Il sera dit dans ces circonstances que l'indivision a la charge de rembourser à Madame [Z] toutes les sommes avancées par elle depuis l'acte de partage et relatives aux impôts de toute nature liés à la propriété et à l'occupation du bien, aux abonnements d'électricité et d'eau, à l'assurance du bien et aux charges de copropriété.
Il appartiendra ensuite aux parties d'établir un compte en rappelant que toute indivisaire a droit à sa part annuelle dans les bénéficies, déduction faite des charges qui lui sont opposables.

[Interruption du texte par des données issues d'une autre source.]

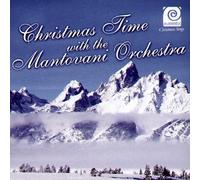 Mantovani Orchestra,the - Sound of Christmas Songs-Chris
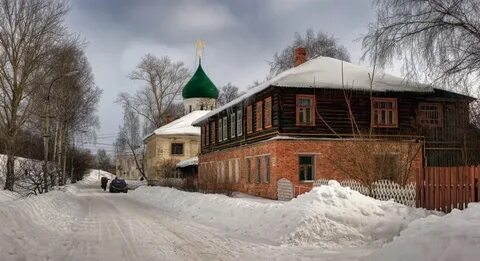 Фотон интернет переславль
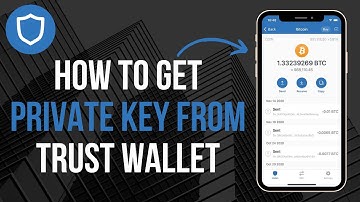 How to Get Private Key from Trust Wallet 2024 | Find Private Key on Trust Wallet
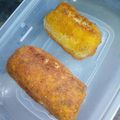 El cooksnap de Noelia Ponzo cuando hizo Croquetas de arroz 👌.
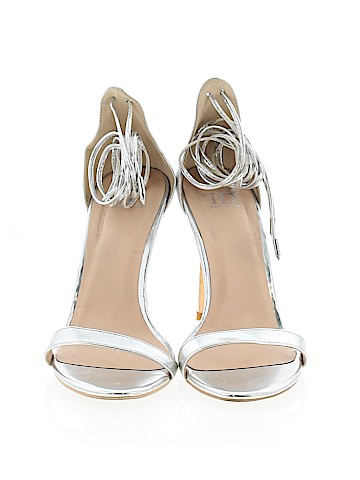 True Decadence Heels (view 2)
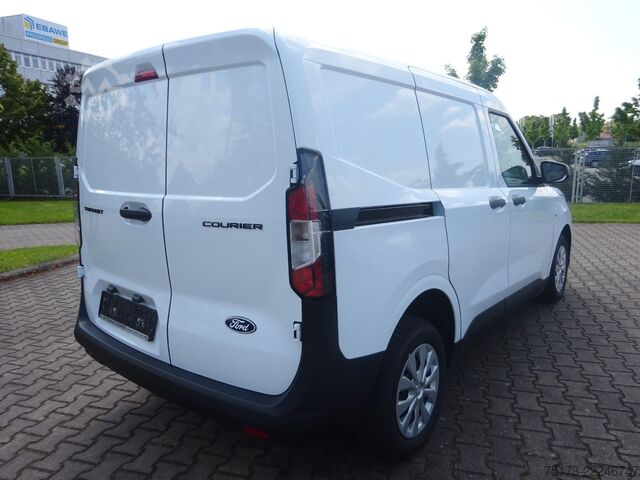 Furgone FORD Transit Courier Trend Autm Klima GRA LHZ FHZ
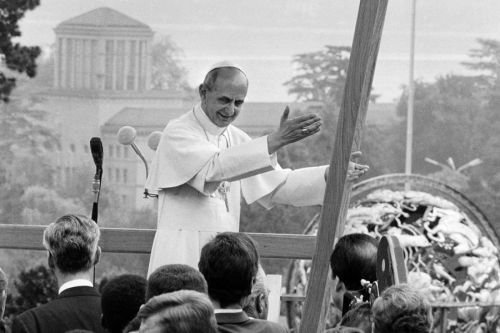 Paul VI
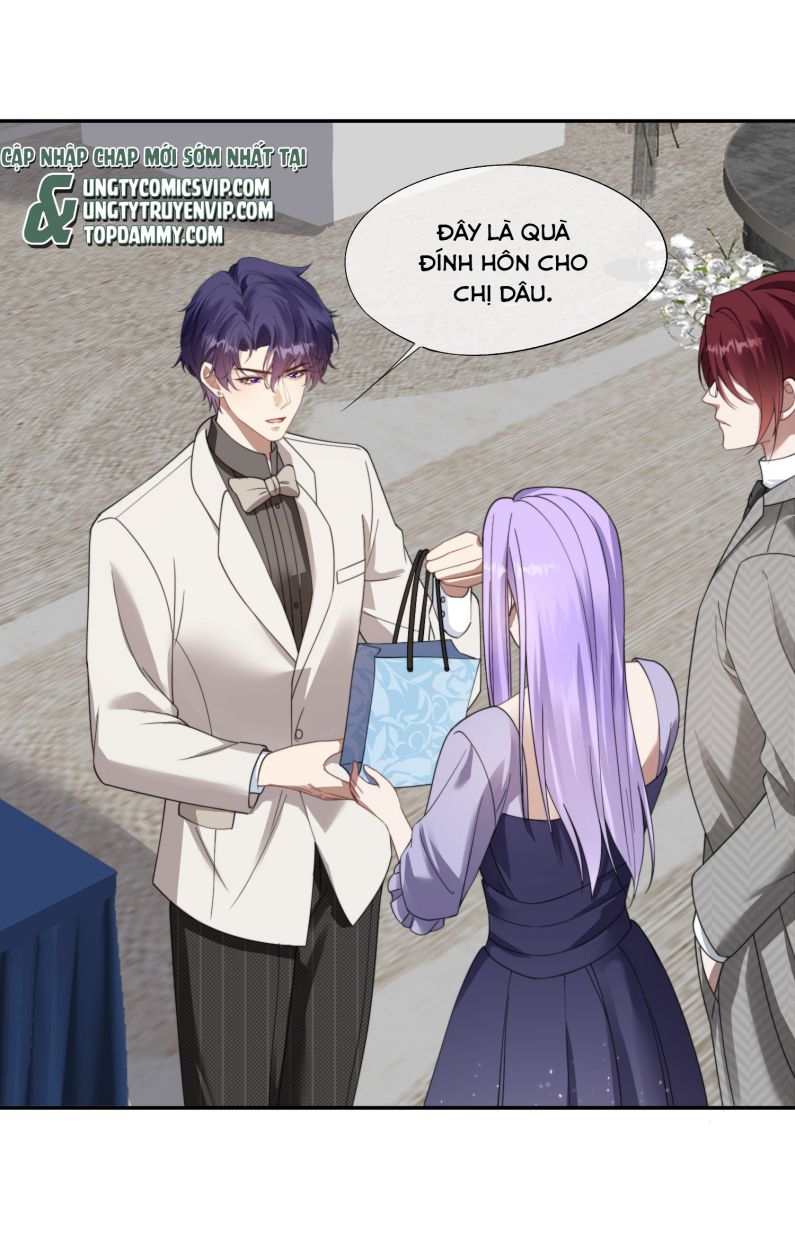 Gài Bẫy Ác Khuyển Chapter 23 - Trang 2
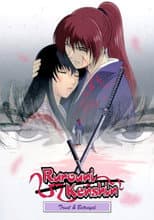 Poster for Rurouni Kenshin: Trust & Betrayal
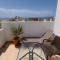 Irini Kalamaki first floor apartment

Sur les dépens et les frais irrépétibles :
Chacune des parties succombant partiellement, l'équité conduit à dire qu'elles garderont à leur charge leurs propres frais irrépétibles et dépens, de première instance comme d'appel.
PAR CES MOTIFS
La Cour,
Confirme le jugement déféré en ce qu'il a déclaré irrecevables les prétentions de Madame [O] relatives aux contrats d'assurance-vie souscrits par Monsieur [Q] [Z] et en ce qu'il a débouté Madame [Z] de sa demande de dommages et intérêts pour procédure abusive ;
L'infirme pour le solde ;
Statuant à nouveau :
Condamne Madame [H] [Z] à payer à l'indivision [Z]-[O] une indemnité d'occupation de 800 euros par mois du 15 octobre 2010 jusqu'à ce qu'il soit remis à Madame [O] un jeu de clefs de l'appartement de Ténérife ;
Condamne l'indivision [Z]-[O] à rembourser à Madame [H] [Z] les charges avancées par elle pour la conservation de l'appartement de Ténérife, soit les impôts de toute nature liés à la propriété et à la conservation du bien, les abonnements d'électricité et d'eau, l'assurance du bien et les charges de copropriété ;
Renvoie les parties à l'établissement d'un compte de l'indivision et rappelle que tout indivisaire a droit à sa part annuelle dans les bénéfices déduction faite des charges qui lui sont opposables ;
Déboute les parties de leurs prétentions relatives à un véhicule automobile se trouvant à Ténérife ;
Y ajoutant :
Ordonne le partage complémentaire des fonds se trouvant sur les comptes ouverts au nom de Monsieur [Q] [Z] dans les livres de la Banque Cantonale Bernoise ;
Désigne Maître [P] et Maître Fallon-Piriou pour y procéder, sous le contrôle de Monsieur le Président du tribunal de grande instance de Rennes avec faculté de délégation ;
Dit que chacune des parties gardera à sa charge ses propres dépens et frais irrépétibles, de première instance comme d'appel.